- [ASSIGNMENT]: A faithful copy is required. Print each line of the data exactly and omit the pictures.

- [RECORDED INFORMATION]:
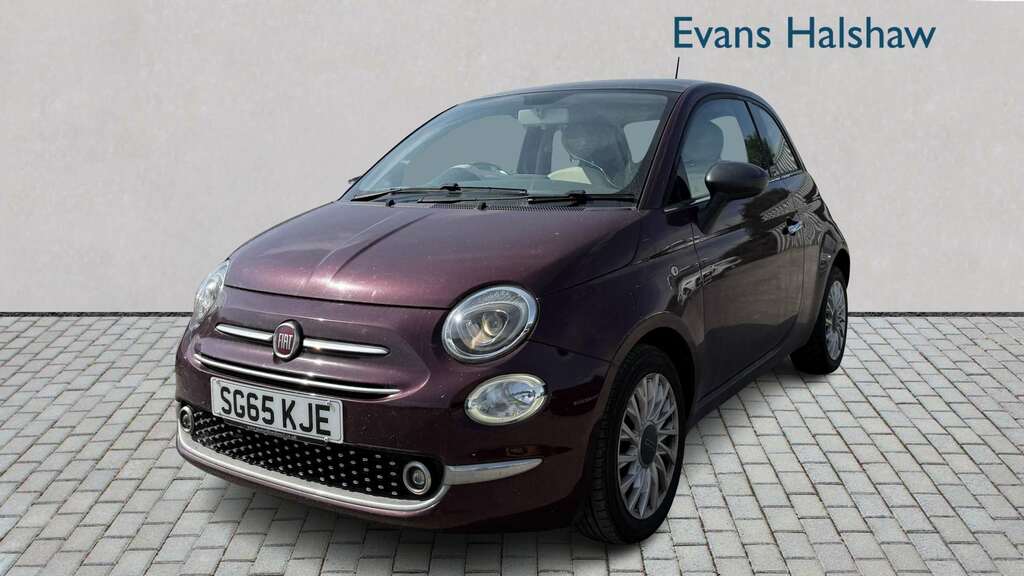 Fiat 500 1.2 Lounge 2015  #3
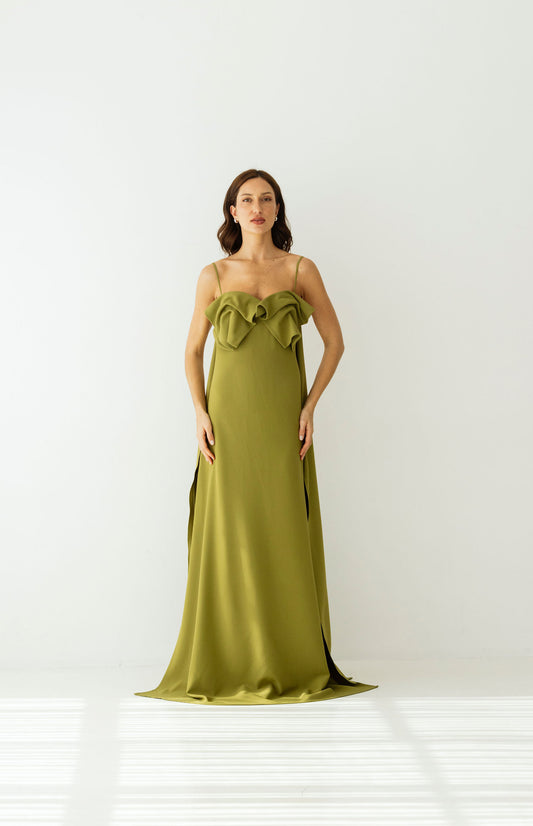 Vestido Opus Verde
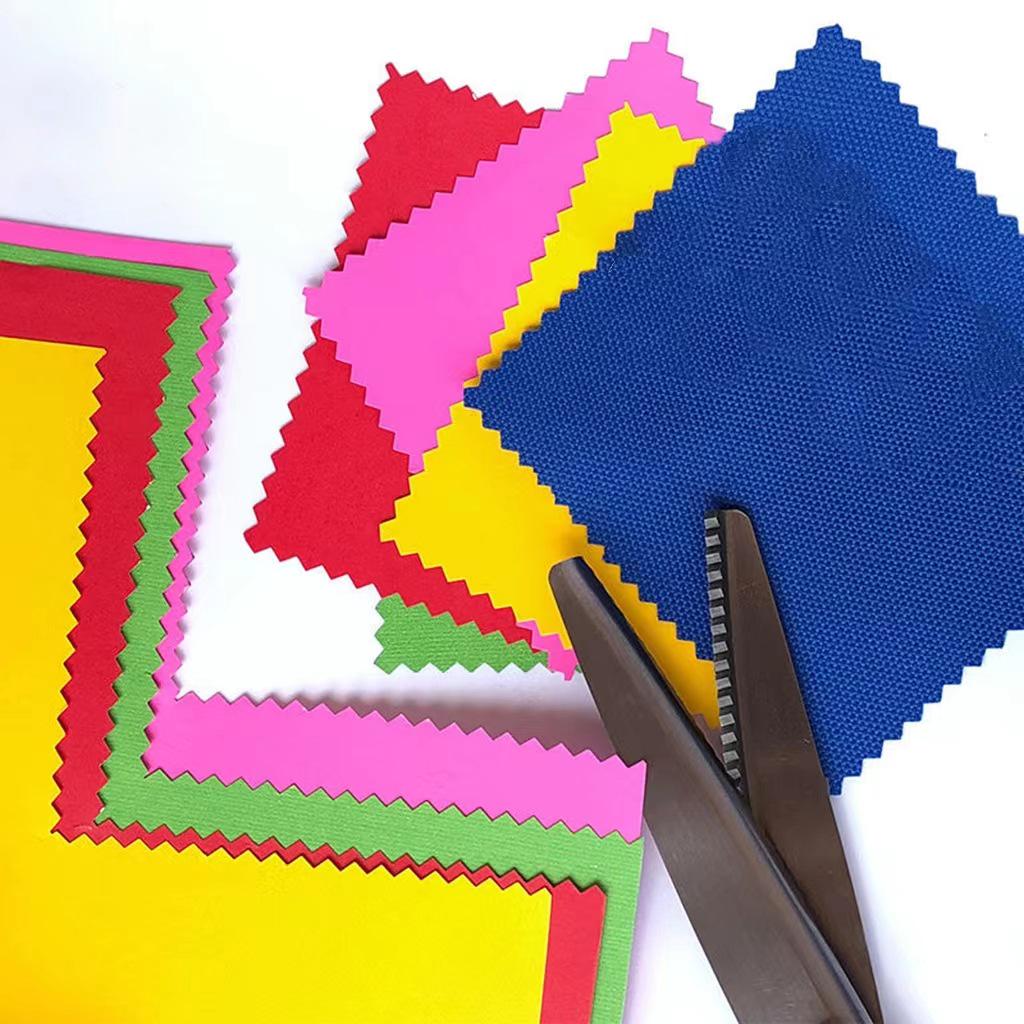 Ножницы для кружева с зубчатым треугольным лезвием: Ручной инструмент для парикмахерского дела и шитья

- [RESULT OF THE EXERCISE]:
 Fiat 500 1.2 Lounge 2015  #3
 Vestido Opus Verde
 Ножницы для кружева с зубчатым треугольным лезвием: Ручной инструмент для парикмахерского дела и шитья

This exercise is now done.